In 1856, just six years prior to the outbreak of the American Civil War, a transplanted Richmond lawyer by the name of George S. Patton organized a militia in the Kanawha Valley of western Virginia. Originally known as the Kanawha Minutemen, they later became the Kanawha Riflemen.
The company was comprised of the Kanawha Valley’s social elite. They performed at public functions throughout the state, earning a reputation that they could perhaps dance better than they could fight. Such thoughts were quickly put to rest in 1861, and the Riflemen became the foundation of the 1st Kanawha Regiment, which soon after evolved into the 22nd Virginia Infantry, Confederate States Army.
The regiment’s first clash came at Scary Creek, and the men continued to perform gallantly at Cross Lanes, Carnifex Ferry, Sewell Mountain, Cotton Hill, Giles Court House, Lewisburg, Fayetteville, Charleston, Beverly, and White Sulphur Springs.
The regiment lost 21% of the 550 engaged at Droop Mountain. The 22nd also participated in nearly all of the major battles in the 1864 Shenandoah Valley campaign, including Winchester, where Patton lost his life.
This volume contains an annotated roster of over 2,300 names, battle maps, and photos of members. The roster also contains detailed data on service, including birth and death dates, and burial locations when known.
The 22nd Virginia Infantry entered the Civil War as a makeshift group of Virginia volunteers known as the 1st Kanawha. Although continually plagued by a shortage of weapons, uniforms, equipment, and training, these fiercely independent farm and mountain boys from the western Virginia counties of Kanawha, Putnam, Fayette, Nicholas, Greenbrier, Monroe, Wyoming, Boone, Clay, and Alleghany, fought with a determination and tenacity equal to any regiment in Confederate service.
The regiment often campaigned in the worst possible geographical and environmental conditions, led by some of the most incompetent and incompatible generals the south could produce.
From the regiment’s baptism of fire on the banks of Scary Creek in the Kanawha Valley, to the high mountain ranges of Gauley, Sewell, and Cotton Hill, the 22nd Virginia Infantry spent the first three years of the war fighting in all the major battles in West Virginia, and suffered the highest rate of casualties of any Confederate regiment engaged in the clashes at Lewisburg, White Sulphur Springs, and Droop Mountain.

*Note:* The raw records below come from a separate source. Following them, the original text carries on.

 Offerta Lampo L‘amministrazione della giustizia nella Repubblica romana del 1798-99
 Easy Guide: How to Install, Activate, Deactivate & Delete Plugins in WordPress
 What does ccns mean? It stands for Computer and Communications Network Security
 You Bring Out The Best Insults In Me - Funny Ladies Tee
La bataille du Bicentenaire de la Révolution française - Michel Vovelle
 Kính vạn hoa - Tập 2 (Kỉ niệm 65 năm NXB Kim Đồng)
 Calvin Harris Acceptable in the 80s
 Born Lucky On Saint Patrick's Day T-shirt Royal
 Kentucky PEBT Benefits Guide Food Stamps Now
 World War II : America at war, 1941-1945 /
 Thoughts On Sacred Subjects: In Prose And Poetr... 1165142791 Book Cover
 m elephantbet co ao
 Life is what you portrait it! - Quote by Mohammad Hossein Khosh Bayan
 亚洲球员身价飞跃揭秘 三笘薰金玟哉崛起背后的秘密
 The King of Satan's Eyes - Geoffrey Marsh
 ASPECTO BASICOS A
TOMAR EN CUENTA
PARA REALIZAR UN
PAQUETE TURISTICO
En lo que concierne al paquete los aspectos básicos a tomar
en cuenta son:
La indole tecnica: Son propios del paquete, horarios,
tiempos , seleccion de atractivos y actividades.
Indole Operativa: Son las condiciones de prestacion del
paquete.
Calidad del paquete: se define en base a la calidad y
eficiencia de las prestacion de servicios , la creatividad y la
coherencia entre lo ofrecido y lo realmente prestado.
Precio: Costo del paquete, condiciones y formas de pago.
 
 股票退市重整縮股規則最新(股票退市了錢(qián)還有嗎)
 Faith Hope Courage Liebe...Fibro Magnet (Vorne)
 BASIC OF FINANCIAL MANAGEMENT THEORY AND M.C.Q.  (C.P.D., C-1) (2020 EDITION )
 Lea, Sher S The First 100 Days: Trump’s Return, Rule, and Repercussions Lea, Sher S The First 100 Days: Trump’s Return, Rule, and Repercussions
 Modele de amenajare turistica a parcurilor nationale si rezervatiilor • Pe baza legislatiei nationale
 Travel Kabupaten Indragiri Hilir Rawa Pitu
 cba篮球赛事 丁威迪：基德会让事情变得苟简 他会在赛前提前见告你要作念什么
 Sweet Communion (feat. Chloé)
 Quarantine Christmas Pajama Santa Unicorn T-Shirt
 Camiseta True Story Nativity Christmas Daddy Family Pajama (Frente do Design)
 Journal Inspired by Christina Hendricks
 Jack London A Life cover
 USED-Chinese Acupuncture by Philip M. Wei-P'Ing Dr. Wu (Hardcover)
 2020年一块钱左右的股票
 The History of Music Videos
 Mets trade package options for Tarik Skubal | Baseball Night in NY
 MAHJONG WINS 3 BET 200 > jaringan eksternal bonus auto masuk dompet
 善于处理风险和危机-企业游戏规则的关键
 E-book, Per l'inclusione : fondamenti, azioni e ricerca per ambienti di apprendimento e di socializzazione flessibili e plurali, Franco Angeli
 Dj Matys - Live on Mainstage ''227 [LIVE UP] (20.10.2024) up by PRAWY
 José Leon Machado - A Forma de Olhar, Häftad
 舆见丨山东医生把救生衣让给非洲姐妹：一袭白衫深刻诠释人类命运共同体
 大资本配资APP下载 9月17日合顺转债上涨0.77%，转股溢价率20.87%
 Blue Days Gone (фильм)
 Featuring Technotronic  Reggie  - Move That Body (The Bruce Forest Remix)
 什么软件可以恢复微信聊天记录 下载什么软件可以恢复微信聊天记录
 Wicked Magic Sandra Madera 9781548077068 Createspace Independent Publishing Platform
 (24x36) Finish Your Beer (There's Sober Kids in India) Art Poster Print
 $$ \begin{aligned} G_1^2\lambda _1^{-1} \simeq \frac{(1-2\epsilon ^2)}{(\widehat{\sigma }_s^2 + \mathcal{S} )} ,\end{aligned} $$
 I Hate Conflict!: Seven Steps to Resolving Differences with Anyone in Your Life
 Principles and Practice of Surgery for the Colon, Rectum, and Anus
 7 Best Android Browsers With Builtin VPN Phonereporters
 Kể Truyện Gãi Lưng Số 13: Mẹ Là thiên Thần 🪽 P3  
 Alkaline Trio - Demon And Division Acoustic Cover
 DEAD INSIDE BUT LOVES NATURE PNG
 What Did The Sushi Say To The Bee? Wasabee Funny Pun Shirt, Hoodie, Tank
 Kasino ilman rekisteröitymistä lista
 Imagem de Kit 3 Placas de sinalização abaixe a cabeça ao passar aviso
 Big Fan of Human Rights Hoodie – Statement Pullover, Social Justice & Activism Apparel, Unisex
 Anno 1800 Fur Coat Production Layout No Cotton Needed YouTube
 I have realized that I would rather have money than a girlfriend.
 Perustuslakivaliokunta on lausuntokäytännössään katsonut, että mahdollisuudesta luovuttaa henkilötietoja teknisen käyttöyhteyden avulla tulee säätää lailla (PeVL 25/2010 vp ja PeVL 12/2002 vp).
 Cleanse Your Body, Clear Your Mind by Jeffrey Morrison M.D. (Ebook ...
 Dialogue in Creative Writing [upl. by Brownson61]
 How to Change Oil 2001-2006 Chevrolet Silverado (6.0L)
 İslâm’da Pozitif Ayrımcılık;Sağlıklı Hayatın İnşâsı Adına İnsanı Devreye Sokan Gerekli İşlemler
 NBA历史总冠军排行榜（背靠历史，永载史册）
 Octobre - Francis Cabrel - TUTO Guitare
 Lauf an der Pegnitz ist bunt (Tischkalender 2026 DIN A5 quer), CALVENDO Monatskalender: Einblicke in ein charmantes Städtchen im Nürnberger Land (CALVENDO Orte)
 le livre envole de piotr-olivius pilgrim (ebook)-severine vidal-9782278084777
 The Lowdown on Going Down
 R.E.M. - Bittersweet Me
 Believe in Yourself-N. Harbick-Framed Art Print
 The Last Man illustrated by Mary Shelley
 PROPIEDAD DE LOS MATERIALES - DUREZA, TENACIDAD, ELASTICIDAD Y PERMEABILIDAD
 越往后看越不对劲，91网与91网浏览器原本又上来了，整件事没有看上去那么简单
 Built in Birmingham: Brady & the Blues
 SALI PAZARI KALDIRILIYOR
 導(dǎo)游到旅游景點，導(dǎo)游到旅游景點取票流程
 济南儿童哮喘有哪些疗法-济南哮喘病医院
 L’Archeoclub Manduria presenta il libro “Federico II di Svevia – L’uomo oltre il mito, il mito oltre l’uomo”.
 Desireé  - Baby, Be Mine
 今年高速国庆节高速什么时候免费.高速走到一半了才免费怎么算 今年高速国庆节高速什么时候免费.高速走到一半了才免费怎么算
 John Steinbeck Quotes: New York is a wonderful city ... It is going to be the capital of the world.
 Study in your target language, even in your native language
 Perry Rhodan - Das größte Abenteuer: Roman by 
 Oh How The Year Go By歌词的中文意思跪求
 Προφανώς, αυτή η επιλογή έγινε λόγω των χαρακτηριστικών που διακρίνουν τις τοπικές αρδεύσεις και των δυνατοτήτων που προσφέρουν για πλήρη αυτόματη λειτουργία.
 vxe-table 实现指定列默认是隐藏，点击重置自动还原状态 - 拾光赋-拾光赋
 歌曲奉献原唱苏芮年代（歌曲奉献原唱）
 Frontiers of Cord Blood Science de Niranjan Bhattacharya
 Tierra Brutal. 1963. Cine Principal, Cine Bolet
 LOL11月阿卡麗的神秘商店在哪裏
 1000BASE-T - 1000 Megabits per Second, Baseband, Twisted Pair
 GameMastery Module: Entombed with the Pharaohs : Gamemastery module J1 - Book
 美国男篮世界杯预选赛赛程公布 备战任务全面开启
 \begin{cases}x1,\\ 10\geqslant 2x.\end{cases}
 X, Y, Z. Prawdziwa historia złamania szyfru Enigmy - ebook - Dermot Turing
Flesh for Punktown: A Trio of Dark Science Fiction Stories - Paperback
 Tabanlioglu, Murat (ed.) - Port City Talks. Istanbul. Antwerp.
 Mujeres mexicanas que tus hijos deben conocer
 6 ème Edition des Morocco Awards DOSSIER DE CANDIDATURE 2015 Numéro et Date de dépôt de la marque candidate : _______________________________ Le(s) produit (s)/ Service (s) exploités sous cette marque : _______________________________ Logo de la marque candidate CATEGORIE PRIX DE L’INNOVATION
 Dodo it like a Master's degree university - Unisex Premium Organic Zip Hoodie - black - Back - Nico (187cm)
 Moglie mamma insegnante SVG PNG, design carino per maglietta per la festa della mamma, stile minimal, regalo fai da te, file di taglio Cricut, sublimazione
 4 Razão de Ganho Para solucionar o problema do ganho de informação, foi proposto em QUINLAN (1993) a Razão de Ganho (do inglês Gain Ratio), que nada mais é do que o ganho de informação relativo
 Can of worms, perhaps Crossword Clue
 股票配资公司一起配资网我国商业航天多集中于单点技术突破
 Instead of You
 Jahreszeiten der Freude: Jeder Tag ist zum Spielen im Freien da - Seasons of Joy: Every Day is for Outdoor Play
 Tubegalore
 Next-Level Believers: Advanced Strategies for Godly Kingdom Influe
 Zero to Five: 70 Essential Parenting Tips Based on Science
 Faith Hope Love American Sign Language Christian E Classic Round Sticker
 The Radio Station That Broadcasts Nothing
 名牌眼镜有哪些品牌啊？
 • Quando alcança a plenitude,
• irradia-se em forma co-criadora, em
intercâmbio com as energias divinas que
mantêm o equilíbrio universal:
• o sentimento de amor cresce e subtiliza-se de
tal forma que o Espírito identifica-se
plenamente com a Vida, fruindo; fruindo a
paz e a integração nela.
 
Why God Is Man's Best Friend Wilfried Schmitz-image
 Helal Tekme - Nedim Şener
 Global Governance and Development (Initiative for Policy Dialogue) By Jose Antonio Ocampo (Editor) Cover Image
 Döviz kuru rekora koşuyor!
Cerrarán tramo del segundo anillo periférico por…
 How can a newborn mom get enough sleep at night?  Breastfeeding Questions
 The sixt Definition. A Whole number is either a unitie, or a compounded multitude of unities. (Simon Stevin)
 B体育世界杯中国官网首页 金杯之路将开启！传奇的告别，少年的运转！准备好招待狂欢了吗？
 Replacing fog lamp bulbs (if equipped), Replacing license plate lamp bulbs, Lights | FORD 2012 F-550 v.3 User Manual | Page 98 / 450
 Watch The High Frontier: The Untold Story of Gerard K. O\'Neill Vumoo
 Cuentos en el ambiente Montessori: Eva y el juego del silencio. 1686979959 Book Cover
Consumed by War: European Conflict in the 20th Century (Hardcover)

During 1864 the 22nd Virginia marched to the Shenandoah Valley, fighting alongside the V.M.I. cadets at New Market, in the trenches at Cold Harbor, and defending Lynchburg. With Jubal Early, the regiment marched on Washington, D.C. and engaged in all the major battles in the Shenandoah Valley.
In the battle at Winchester in September the regiment’s brigade organization was nearly destroyed and the valiant Colonel George S. Patton of the 22nd Virginia was mortally wounded.
The remains of the 22nd Virginia spent the remaining months of the war chasing raider General Stoneman throughout southwest Virginia, until disbanding at Christiansburg in April of 1865 after learning of General Lee’s surrender, ending forever the “Fighting 22nd.”